Caption-style text data:

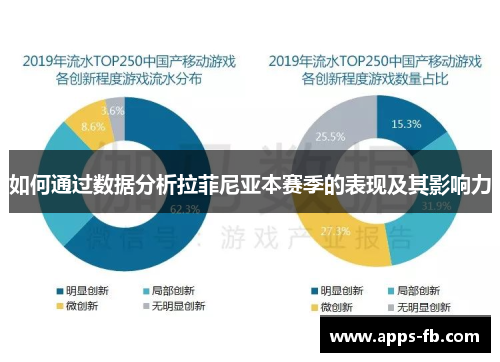 如何通过数据分析拉菲尼亚本赛季的表现及其影响力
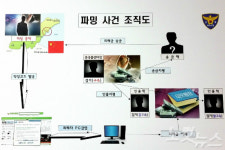 PC에 악성코드 심어 8000만원 빼낸 일당 검거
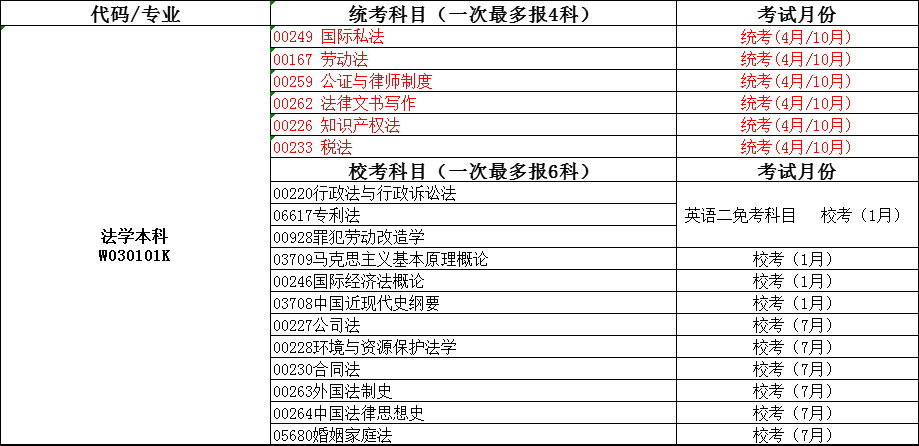 法学专业小自考,法学小自考学校有哪些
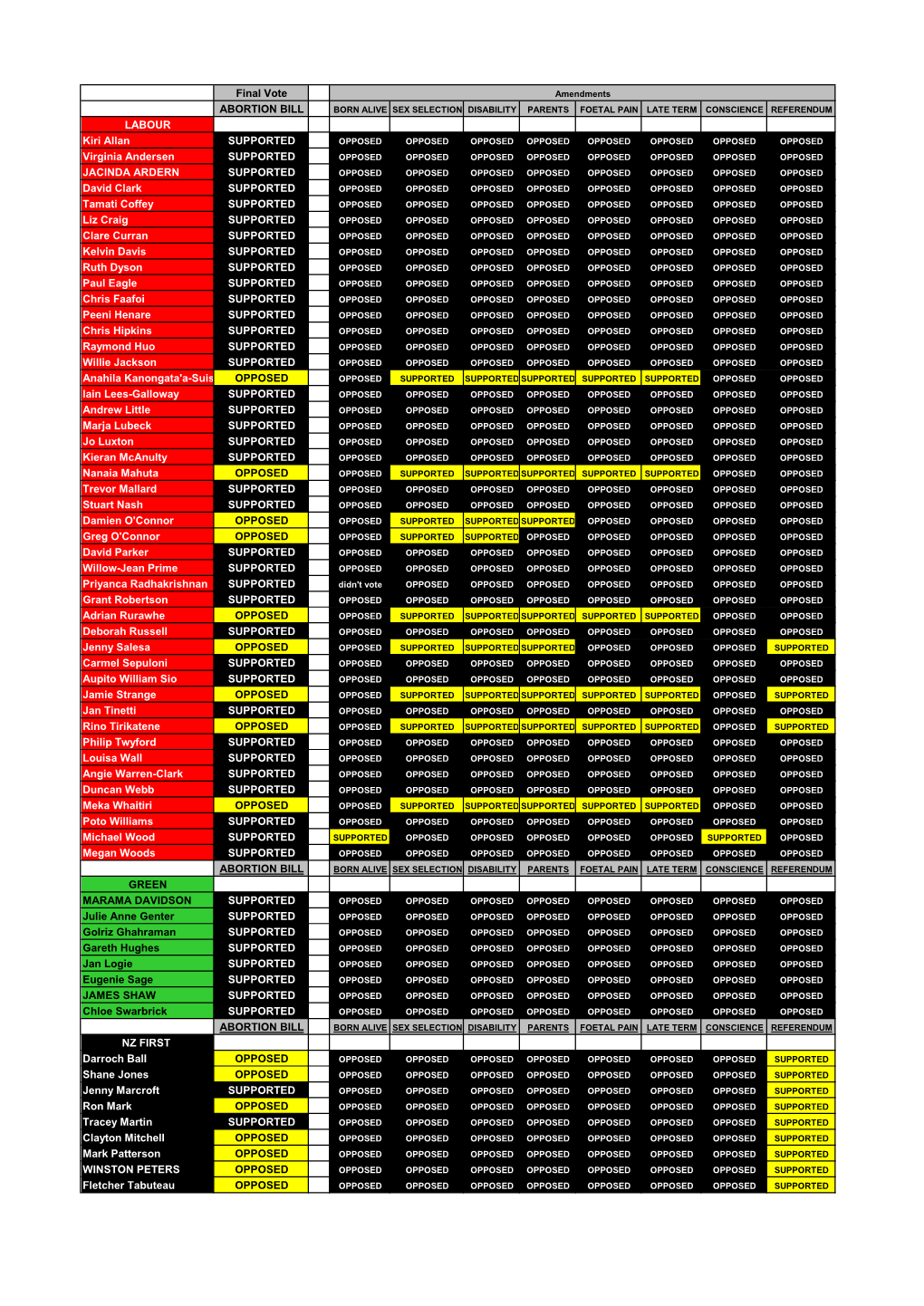 Final Vote ABORTION BILL LABOUR Kiri Allan SUPPORTED Virginia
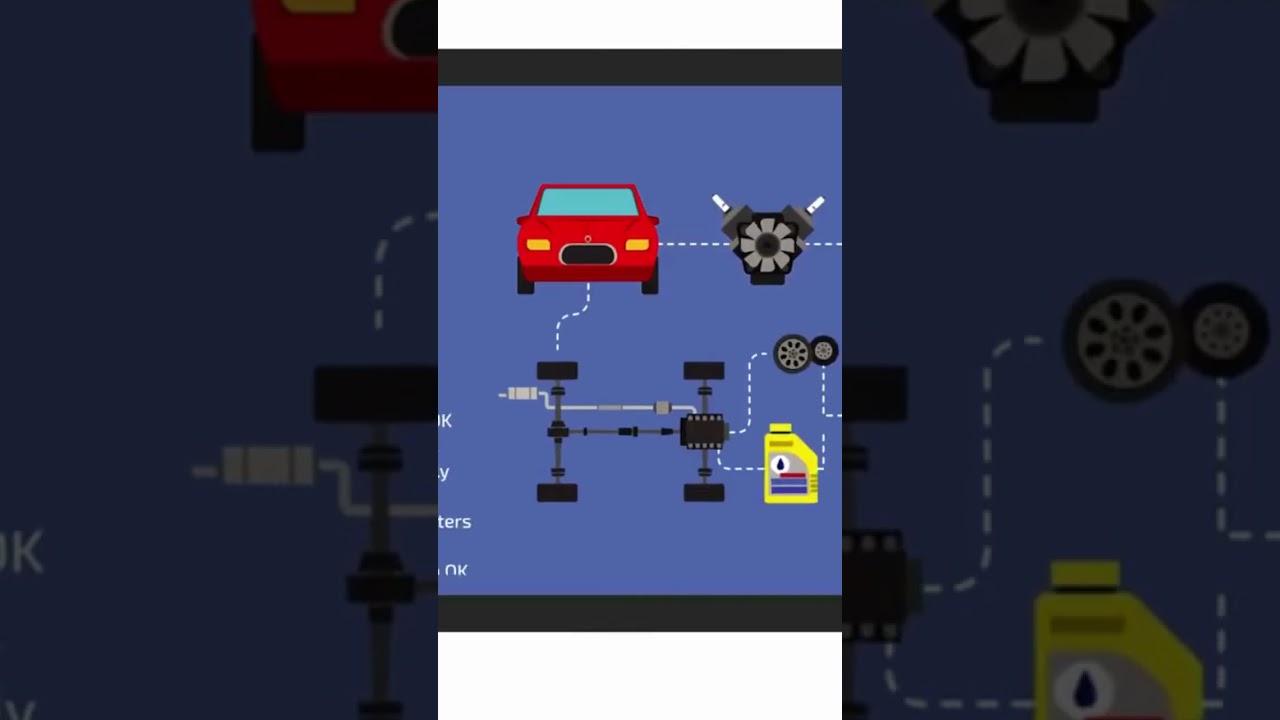 What is IOT? How does it Work in the World.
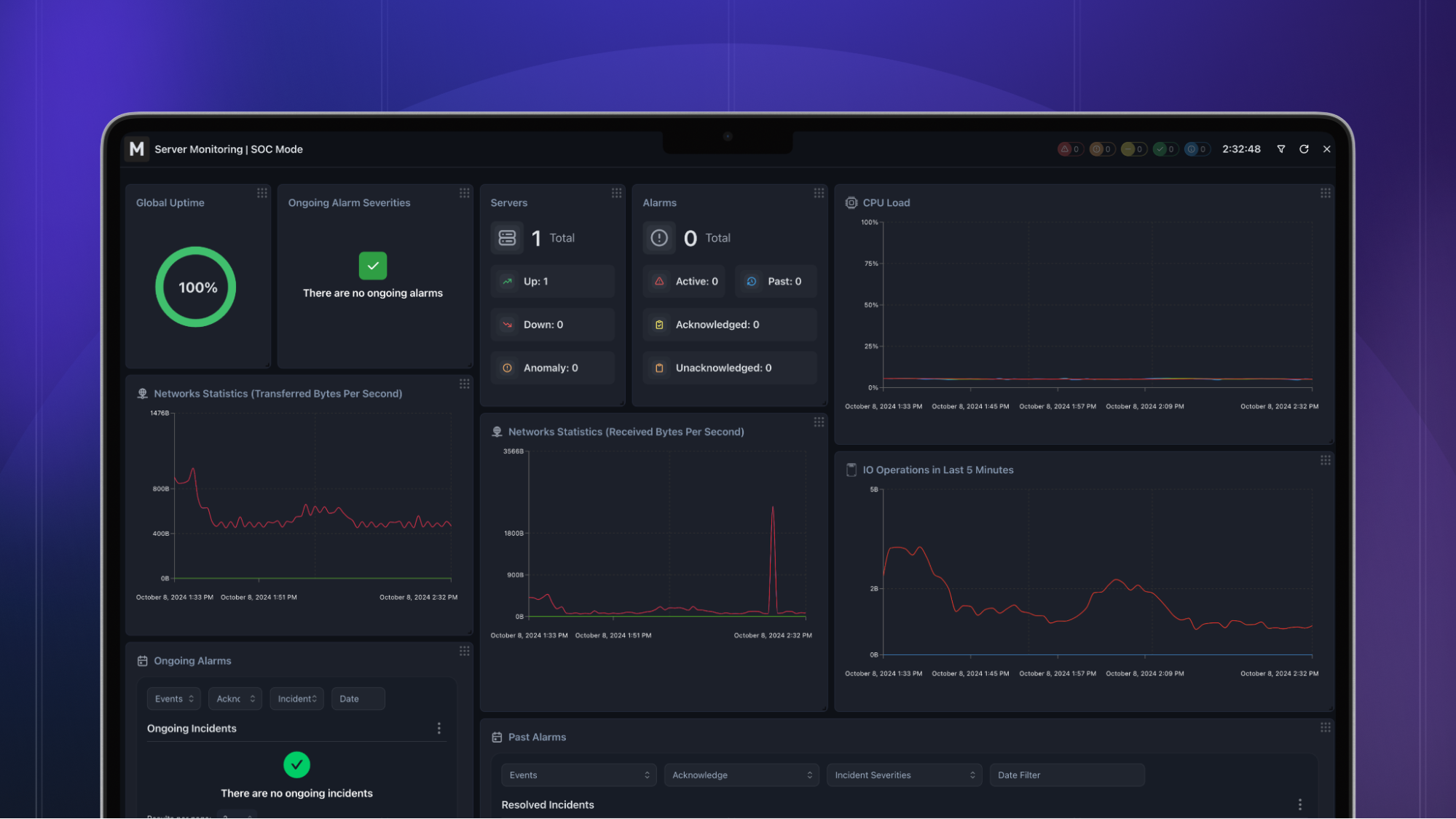 In-depth resource tracking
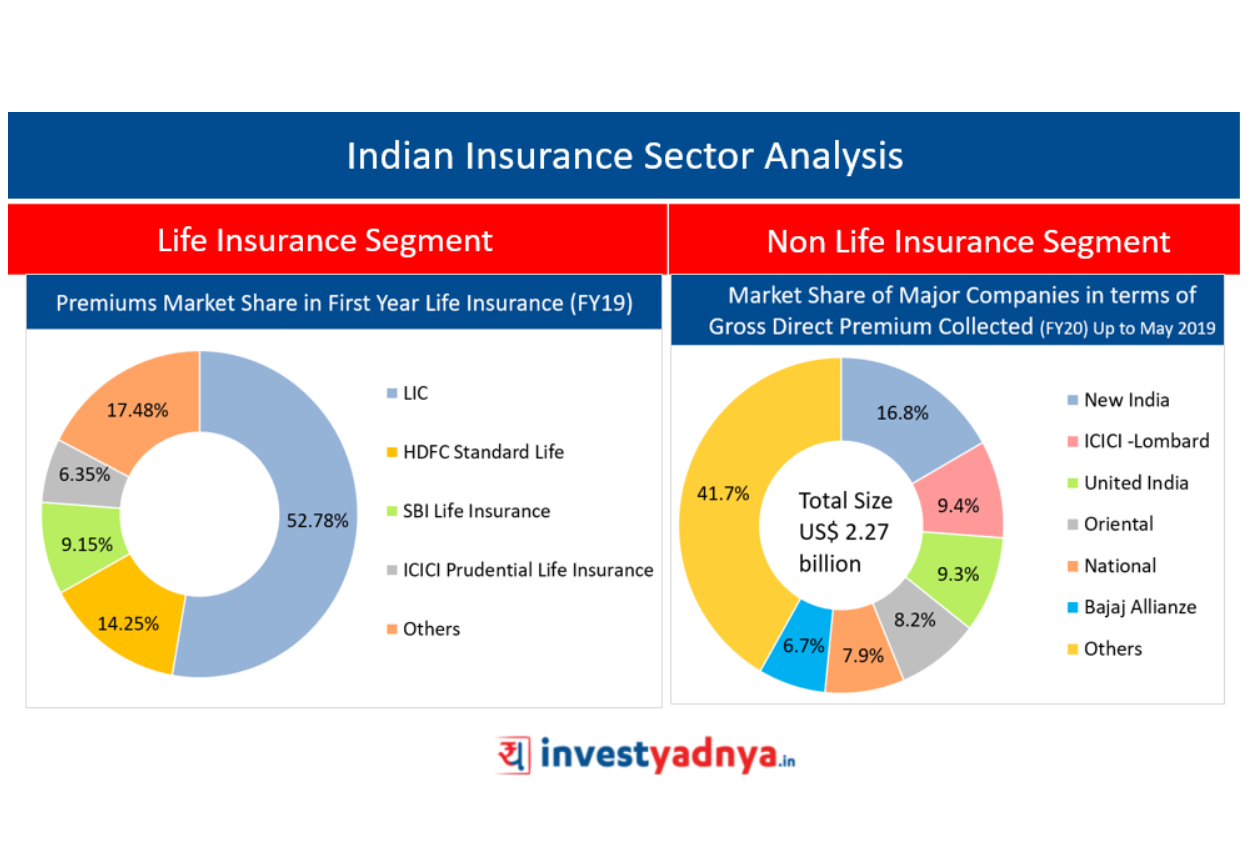 Insurance sector news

**The task:** All lines from the one bearing "What is IOT? How does it Work in the World." through the last line of the records, and only those, should be duplicated exactly; no picture belongs in the copy.

**Written response:**
 What is IOT? How does it Work in the World.
 In-depth resource tracking
 Insurance sector news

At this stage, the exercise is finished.